• **What to do**
In the data below, locate the line containing "Womens Black Aquamarine" and the line containing "White gold Pear", then retype both and everything between them exactly. Pictures are not part of the copy.

• **Record extracts**
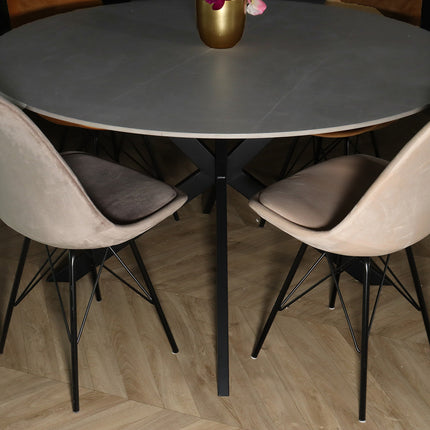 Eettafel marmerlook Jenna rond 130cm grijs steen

---

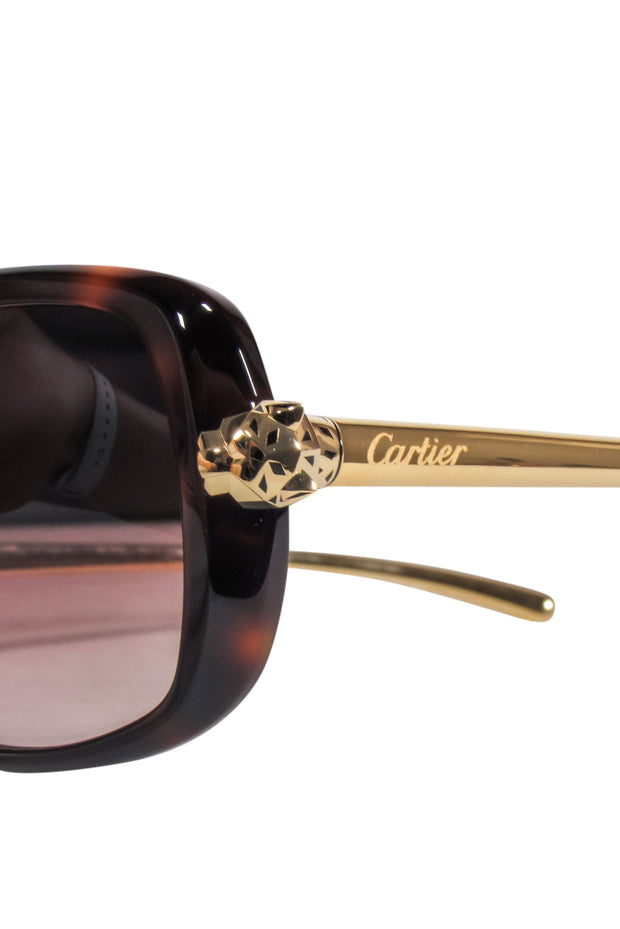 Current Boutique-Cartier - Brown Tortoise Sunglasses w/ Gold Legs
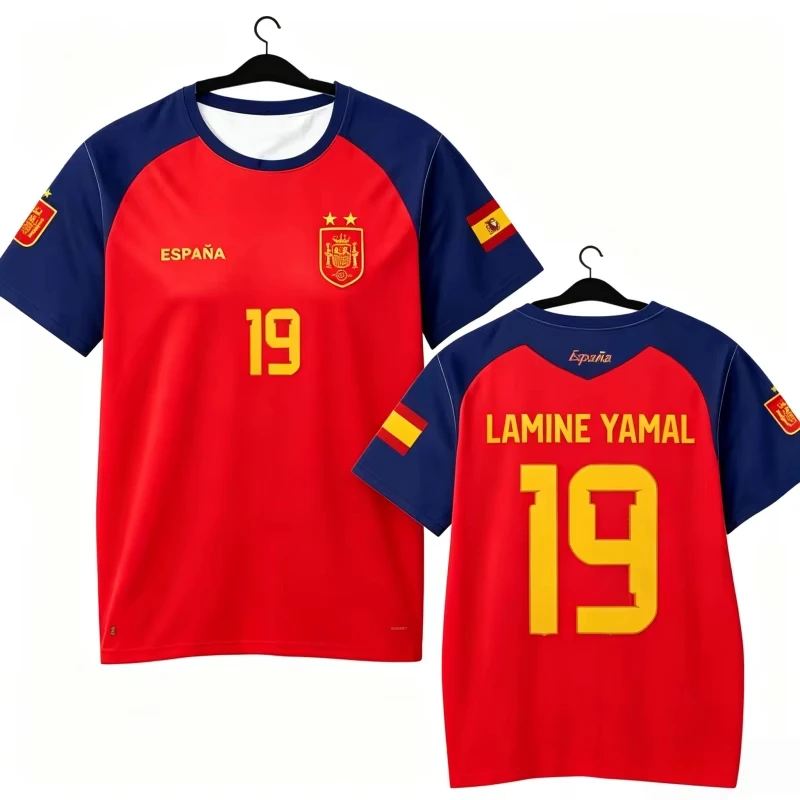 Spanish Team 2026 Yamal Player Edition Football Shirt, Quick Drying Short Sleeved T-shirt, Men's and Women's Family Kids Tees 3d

--

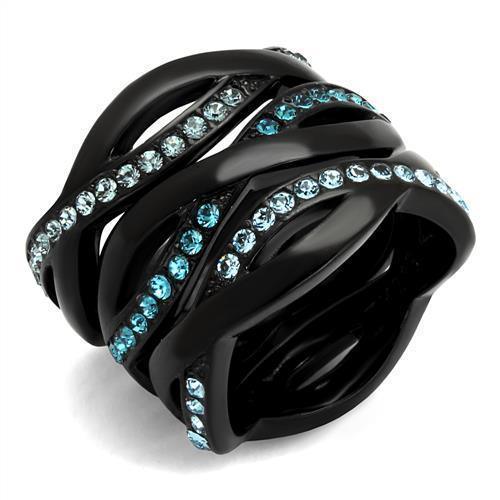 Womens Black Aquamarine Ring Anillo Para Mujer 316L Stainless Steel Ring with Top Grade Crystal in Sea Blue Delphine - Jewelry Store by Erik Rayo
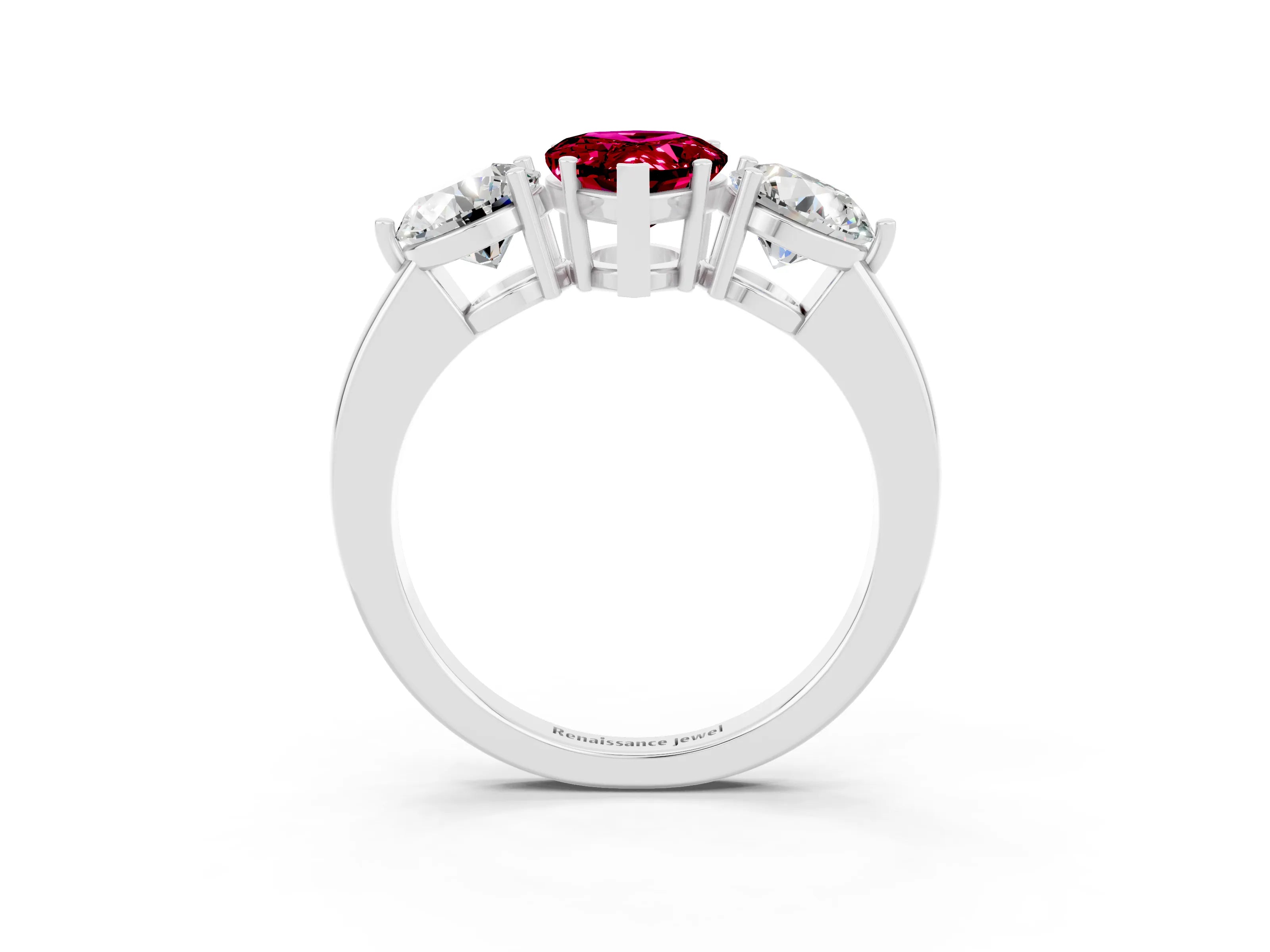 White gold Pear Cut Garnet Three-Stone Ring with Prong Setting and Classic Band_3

• **Task solution**
 Womens Black Aquamarine Ring Anillo Para Mujer 316L Stainless Steel Ring with Top Grade Crystal in Sea Blue Delphine - Jewelry Store by Erik Rayo
 White gold Pear Cut Garnet Three-Stone Ring with Prong Setting and Classic Band_3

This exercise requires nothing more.